┏━━

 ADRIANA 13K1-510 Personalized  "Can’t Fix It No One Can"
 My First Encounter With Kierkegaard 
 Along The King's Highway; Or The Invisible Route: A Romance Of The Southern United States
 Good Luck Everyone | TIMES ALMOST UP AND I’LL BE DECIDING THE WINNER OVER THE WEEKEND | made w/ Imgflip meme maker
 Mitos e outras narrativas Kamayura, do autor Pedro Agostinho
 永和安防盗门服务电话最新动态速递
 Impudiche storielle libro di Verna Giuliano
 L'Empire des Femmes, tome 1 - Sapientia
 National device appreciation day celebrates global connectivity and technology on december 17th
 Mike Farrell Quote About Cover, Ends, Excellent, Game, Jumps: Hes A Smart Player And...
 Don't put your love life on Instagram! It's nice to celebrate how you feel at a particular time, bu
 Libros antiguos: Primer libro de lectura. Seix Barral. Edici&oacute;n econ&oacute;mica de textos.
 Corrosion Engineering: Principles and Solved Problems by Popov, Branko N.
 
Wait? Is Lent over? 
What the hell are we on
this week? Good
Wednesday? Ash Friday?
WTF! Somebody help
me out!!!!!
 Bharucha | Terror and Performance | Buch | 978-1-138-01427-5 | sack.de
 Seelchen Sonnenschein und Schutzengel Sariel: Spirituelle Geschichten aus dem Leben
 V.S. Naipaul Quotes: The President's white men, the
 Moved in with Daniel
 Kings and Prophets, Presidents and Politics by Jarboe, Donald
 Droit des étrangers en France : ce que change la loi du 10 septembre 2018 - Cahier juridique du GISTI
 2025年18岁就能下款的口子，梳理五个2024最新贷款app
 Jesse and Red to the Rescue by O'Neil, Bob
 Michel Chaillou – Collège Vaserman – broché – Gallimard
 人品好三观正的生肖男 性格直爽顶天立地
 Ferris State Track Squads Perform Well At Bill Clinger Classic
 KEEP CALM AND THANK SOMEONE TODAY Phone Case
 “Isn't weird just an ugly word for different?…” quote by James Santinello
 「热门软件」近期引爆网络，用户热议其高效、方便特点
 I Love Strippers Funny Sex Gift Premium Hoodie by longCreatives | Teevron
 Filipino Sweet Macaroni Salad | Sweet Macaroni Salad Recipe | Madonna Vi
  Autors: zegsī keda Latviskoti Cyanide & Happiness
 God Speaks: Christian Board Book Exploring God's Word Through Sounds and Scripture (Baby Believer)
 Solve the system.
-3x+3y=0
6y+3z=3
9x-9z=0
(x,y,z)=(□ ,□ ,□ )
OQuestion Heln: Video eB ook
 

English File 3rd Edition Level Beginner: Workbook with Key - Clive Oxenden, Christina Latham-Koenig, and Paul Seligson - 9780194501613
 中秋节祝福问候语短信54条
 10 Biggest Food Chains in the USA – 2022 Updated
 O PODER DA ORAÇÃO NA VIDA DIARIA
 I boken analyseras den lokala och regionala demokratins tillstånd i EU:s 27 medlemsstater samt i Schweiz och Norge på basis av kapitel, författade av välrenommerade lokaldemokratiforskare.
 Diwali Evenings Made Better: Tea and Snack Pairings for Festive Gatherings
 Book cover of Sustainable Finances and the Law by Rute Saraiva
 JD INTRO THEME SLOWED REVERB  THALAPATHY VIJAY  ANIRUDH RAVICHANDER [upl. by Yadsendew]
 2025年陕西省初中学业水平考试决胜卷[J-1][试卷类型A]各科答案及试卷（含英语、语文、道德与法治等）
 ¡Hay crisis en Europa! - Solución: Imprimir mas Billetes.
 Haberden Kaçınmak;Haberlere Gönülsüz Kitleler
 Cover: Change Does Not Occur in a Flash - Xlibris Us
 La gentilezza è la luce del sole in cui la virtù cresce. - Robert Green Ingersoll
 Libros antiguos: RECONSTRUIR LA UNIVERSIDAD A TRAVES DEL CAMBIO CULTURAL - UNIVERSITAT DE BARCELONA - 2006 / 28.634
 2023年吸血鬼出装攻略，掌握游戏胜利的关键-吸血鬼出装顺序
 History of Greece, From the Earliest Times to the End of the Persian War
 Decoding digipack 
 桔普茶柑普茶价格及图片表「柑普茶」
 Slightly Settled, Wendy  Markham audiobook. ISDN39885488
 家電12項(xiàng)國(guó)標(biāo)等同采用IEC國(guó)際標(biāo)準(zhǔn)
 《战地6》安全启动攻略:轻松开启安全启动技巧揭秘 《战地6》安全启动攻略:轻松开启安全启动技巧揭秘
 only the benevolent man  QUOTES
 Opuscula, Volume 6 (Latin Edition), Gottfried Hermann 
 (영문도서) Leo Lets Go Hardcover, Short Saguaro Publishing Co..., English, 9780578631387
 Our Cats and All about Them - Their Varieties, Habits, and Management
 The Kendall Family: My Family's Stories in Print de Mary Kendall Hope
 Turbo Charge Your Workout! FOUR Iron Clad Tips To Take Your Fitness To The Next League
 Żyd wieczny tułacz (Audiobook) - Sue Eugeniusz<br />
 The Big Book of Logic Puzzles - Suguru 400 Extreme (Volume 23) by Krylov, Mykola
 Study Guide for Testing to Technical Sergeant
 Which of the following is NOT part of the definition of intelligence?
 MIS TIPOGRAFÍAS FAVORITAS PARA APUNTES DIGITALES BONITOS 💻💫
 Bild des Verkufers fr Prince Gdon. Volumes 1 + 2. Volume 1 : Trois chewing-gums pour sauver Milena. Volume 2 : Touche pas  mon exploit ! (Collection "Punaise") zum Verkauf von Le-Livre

┗━━

Repeat all the data, every line exactly.

Answer space:
 ADRIANA 13K1-510 Personalized  "Can’t Fix It No One Can"
 My First Encounter With Kierkegaard 
 Along The King's Highway; Or The Invisible Route: A Romance Of The Southern United States
 Good Luck Everyone | TIMES ALMOST UP AND I’LL BE DECIDING THE WINNER OVER THE WEEKEND | made w/ Imgflip meme maker
 Mitos e outras narrativas Kamayura, do autor Pedro Agostinho
 永和安防盗门服务电话最新动态速递
 Impudiche storielle libro di Verna Giuliano
 L'Empire des Femmes, tome 1 - Sapientia
 National device appreciation day celebrates global connectivity and technology on december 17th
 Mike Farrell Quote About Cover, Ends, Excellent, Game, Jumps: Hes A Smart Player And...
 Don't put your love life on Instagram! It's nice to celebrate how you feel at a particular time, bu
 Libros antiguos: Primer libro de lectura. Seix Barral. Edici&oacute;n econ&oacute;mica de textos.
 Corrosion Engineering: Principles and Solved Problems by Popov, Branko N.
 
Wait? Is Lent over? 
What the hell are we on
this week? Good
Wednesday? Ash Friday?
WTF! Somebody help
me out!!!!!
 Bharucha | Terror and Performance | Buch | 978-1-138-01427-5 | sack.de
 Seelchen Sonnenschein und Schutzengel Sariel: Spirituelle Geschichten aus dem Leben
 V.S. Naipaul Quotes: The President's white men, the
 Moved in with Daniel
 Kings and Prophets, Presidents and Politics by Jarboe, Donald
 Droit des étrangers en France : ce que change la loi du 10 septembre 2018 - Cahier juridique du GISTI
 2025年18岁就能下款的口子，梳理五个2024最新贷款app
 Jesse and Red to the Rescue by O'Neil, Bob
 Michel Chaillou – Collège Vaserman – broché – Gallimard
 人品好三观正的生肖男 性格直爽顶天立地
 Ferris State Track Squads Perform Well At Bill Clinger Classic
 KEEP CALM AND THANK SOMEONE TODAY Phone Case
 “Isn't weird just an ugly word for different?…” quote by James Santinello
 「热门软件」近期引爆网络，用户热议其高效、方便特点
 I Love Strippers Funny Sex Gift Premium Hoodie by longCreatives | Teevron
 Filipino Sweet Macaroni Salad | Sweet Macaroni Salad Recipe | Madonna Vi
  Autors: zegsī keda Latviskoti Cyanide & Happiness
 God Speaks: Christian Board Book Exploring God's Word Through Sounds and Scripture (Baby Believer)
 Solve the system.
-3x+3y=0
6y+3z=3
9x-9z=0
(x,y,z)=(□ ,□ ,□ )
OQuestion Heln: Video eB ook
 

English File 3rd Edition Level Beginner: Workbook with Key - Clive Oxenden, Christina Latham-Koenig, and Paul Seligson - 9780194501613
 中秋节祝福问候语短信54条
 10 Biggest Food Chains in the USA – 2022 Updated
 O PODER DA ORAÇÃO NA VIDA DIARIA
 I boken analyseras den lokala och regionala demokratins tillstånd i EU:s 27 medlemsstater samt i Schweiz och Norge på basis av kapitel, författade av välrenommerade lokaldemokratiforskare.
 Diwali Evenings Made Better: Tea and Snack Pairings for Festive Gatherings
 Book cover of Sustainable Finances and the Law by Rute Saraiva
 JD INTRO THEME SLOWED REVERB  THALAPATHY VIJAY  ANIRUDH RAVICHANDER [upl. by Yadsendew]
 2025年陕西省初中学业水平考试决胜卷[J-1][试卷类型A]各科答案及试卷（含英语、语文、道德与法治等）
 ¡Hay crisis en Europa! - Solución: Imprimir mas Billetes.
 Haberden Kaçınmak;Haberlere Gönülsüz Kitleler
 Cover: Change Does Not Occur in a Flash - Xlibris Us
 La gentilezza è la luce del sole in cui la virtù cresce. - Robert Green Ingersoll
 Libros antiguos: RECONSTRUIR LA UNIVERSIDAD A TRAVES DEL CAMBIO CULTURAL - UNIVERSITAT DE BARCELONA - 2006 / 28.634
 2023年吸血鬼出装攻略，掌握游戏胜利的关键-吸血鬼出装顺序
 History of Greece, From the Earliest Times to the End of the Persian War
 Decoding digipack 
 桔普茶柑普茶价格及图片表「柑普茶」
 Slightly Settled, Wendy  Markham audiobook. ISDN39885488
 家電12項(xiàng)國(guó)標(biāo)等同采用IEC國(guó)際標(biāo)準(zhǔn)
 《战地6》安全启动攻略:轻松开启安全启动技巧揭秘 《战地6》安全启动攻略:轻松开启安全启动技巧揭秘
 only the benevolent man  QUOTES
 Opuscula, Volume 6 (Latin Edition), Gottfried Hermann 
 (영문도서) Leo Lets Go Hardcover, Short Saguaro Publishing Co..., English, 9780578631387
 Our Cats and All about Them - Their Varieties, Habits, and Management
 The Kendall Family: My Family's Stories in Print de Mary Kendall Hope
 Turbo Charge Your Workout! FOUR Iron Clad Tips To Take Your Fitness To The Next League
 Żyd wieczny tułacz (Audiobook) - Sue Eugeniusz<br />
 The Big Book of Logic Puzzles - Suguru 400 Extreme (Volume 23) by Krylov, Mykola
 Study Guide for Testing to Technical Sergeant
 Which of the following is NOT part of the definition of intelligence?
 MIS TIPOGRAFÍAS FAVORITAS PARA APUNTES DIGITALES BONITOS 💻💫
 Bild des Verkufers fr Prince Gdon. Volumes 1 + 2. Volume 1 : Trois chewing-gums pour sauver Milena. Volume 2 : Touche pas  mon exploit ! (Collection "Punaise") zum Verkauf von Le-Livre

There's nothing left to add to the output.